Event Stream Processor clusters are designed for simplicity and minimal need for interaction from administrators once started.
A cluster consists of a group of nodes, which are processes that run on hosts. A cluster can have a single node or multiple nodes. Single-node clusters provide a convenient starting point from which to build and refine multinode clusters.
A single-node cluster refers to a cluster with a single manager node (which functions as both a manager and a controller). In development and test environments, a single node cluster may be sufficient. You can deploy several projects to a single-node cluster that monitors project status and, if the project deployed had failover configured, restarts failed projects. However, as you develop and refine your Event Stream Processor environment, the demands on your cluster grow. You can therefore expand your cluster to include additional nodes and, if necessary, additional clusters.
When you have multiple manager nodes in a cluster, it is called a multinode cluster. In a multinode cluster, all manager nodes are considered primary, so there is no single point of failure in the cluster. However, if you configure only one controller for multiple managers, the controller can become a single point of failure.

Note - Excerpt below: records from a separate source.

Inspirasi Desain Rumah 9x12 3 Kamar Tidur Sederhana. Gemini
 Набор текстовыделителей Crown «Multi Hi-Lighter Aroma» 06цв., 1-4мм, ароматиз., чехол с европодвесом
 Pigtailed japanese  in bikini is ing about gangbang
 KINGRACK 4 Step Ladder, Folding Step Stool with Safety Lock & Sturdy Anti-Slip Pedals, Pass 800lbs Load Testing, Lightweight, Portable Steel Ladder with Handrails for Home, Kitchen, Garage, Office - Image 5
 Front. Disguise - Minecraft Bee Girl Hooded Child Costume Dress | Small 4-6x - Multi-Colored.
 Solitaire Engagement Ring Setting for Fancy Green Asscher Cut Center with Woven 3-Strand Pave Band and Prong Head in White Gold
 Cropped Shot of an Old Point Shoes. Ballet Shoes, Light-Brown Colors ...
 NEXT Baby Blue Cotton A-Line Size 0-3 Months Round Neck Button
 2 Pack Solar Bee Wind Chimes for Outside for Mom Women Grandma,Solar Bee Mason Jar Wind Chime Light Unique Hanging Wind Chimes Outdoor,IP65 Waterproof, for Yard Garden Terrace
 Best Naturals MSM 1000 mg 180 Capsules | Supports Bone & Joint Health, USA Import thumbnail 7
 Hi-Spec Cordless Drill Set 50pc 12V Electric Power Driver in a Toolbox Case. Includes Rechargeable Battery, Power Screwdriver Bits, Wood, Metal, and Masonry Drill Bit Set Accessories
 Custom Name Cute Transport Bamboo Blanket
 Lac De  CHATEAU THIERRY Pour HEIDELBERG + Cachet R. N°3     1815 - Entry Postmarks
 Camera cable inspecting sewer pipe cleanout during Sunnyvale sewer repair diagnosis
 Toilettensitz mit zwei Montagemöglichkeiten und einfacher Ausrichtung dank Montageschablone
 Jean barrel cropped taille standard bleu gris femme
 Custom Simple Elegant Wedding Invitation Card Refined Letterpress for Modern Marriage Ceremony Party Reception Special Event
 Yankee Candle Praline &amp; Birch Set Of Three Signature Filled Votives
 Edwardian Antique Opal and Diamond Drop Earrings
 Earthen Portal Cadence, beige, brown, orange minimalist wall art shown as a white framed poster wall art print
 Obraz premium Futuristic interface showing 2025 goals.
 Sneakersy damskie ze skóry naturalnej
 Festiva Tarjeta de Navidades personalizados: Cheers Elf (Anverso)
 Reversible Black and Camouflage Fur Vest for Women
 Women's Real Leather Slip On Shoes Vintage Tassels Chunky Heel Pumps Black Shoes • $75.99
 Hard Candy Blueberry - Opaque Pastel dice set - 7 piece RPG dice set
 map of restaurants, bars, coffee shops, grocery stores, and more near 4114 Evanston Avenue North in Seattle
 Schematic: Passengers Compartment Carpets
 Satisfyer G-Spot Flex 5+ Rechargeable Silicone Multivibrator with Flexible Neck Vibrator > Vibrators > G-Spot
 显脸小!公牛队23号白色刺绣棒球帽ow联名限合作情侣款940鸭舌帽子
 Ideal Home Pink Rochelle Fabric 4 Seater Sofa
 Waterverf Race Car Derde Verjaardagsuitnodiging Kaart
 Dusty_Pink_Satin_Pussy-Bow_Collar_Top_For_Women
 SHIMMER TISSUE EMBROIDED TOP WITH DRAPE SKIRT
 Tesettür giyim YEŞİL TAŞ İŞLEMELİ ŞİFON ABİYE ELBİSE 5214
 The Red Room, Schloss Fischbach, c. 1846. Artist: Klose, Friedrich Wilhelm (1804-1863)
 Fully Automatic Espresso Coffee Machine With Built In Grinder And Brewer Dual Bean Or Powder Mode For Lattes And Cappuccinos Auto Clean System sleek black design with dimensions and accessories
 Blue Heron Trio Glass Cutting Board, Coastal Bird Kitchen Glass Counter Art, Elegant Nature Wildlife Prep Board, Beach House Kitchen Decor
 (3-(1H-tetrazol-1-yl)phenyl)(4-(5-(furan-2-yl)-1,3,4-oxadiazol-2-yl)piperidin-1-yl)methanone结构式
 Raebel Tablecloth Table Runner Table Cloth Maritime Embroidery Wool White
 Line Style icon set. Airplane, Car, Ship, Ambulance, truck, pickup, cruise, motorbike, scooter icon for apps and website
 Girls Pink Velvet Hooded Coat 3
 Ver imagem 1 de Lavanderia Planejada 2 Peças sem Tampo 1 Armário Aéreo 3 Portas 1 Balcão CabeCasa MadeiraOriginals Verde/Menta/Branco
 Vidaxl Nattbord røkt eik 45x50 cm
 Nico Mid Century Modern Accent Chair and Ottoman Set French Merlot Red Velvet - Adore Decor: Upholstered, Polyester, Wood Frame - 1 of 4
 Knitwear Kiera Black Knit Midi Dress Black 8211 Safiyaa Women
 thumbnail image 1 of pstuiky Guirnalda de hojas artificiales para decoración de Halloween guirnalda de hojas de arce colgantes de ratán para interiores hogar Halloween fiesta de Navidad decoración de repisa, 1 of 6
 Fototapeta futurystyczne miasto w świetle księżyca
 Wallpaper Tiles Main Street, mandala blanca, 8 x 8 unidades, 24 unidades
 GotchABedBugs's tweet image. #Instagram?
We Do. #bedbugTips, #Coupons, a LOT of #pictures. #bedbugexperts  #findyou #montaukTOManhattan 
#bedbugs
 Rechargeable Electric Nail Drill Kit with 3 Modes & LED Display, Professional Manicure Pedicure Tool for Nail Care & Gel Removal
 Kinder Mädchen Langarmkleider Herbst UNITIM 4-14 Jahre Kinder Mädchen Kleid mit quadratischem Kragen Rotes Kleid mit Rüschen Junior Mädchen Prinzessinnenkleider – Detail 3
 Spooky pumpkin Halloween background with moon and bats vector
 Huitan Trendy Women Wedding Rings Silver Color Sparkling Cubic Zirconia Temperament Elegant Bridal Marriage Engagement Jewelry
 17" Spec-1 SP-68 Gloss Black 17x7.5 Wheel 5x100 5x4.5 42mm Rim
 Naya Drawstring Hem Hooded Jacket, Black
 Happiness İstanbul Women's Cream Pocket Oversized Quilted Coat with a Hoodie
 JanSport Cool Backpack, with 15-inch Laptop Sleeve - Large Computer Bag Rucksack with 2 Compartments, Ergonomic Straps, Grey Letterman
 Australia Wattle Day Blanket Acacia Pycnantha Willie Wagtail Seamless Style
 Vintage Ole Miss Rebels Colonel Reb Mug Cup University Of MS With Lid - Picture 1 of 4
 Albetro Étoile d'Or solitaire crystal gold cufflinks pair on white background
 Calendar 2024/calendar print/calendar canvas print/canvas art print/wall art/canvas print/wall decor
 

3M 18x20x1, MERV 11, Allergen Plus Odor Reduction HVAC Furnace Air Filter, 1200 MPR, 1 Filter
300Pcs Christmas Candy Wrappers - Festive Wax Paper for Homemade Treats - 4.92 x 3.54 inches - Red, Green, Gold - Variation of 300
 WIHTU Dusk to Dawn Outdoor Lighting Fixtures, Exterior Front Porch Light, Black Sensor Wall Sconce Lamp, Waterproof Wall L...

When a project is deployed to a cluster, it maintains a heartbeat with one of the managers in the node. If the manager node detects three consecutive missed heartbeats from a project, it assumes project failure and issues a STOP command and, if the project deployed had failover figured, restarts the project. If your CPU utilization is operating at 100 percent, the project server may not be able to send heartbeats to the cluster manager, which stops the project. In multinode clusters, a different manager may be responsible for monitoring the project than the manager through which it is deployed.
Manager nodes are paired with other managers through a shared cache. If a manager node starts a project and subsequently fails, any other manager with a shared cache can take over management of the projects previously being monitored by the failed manager node.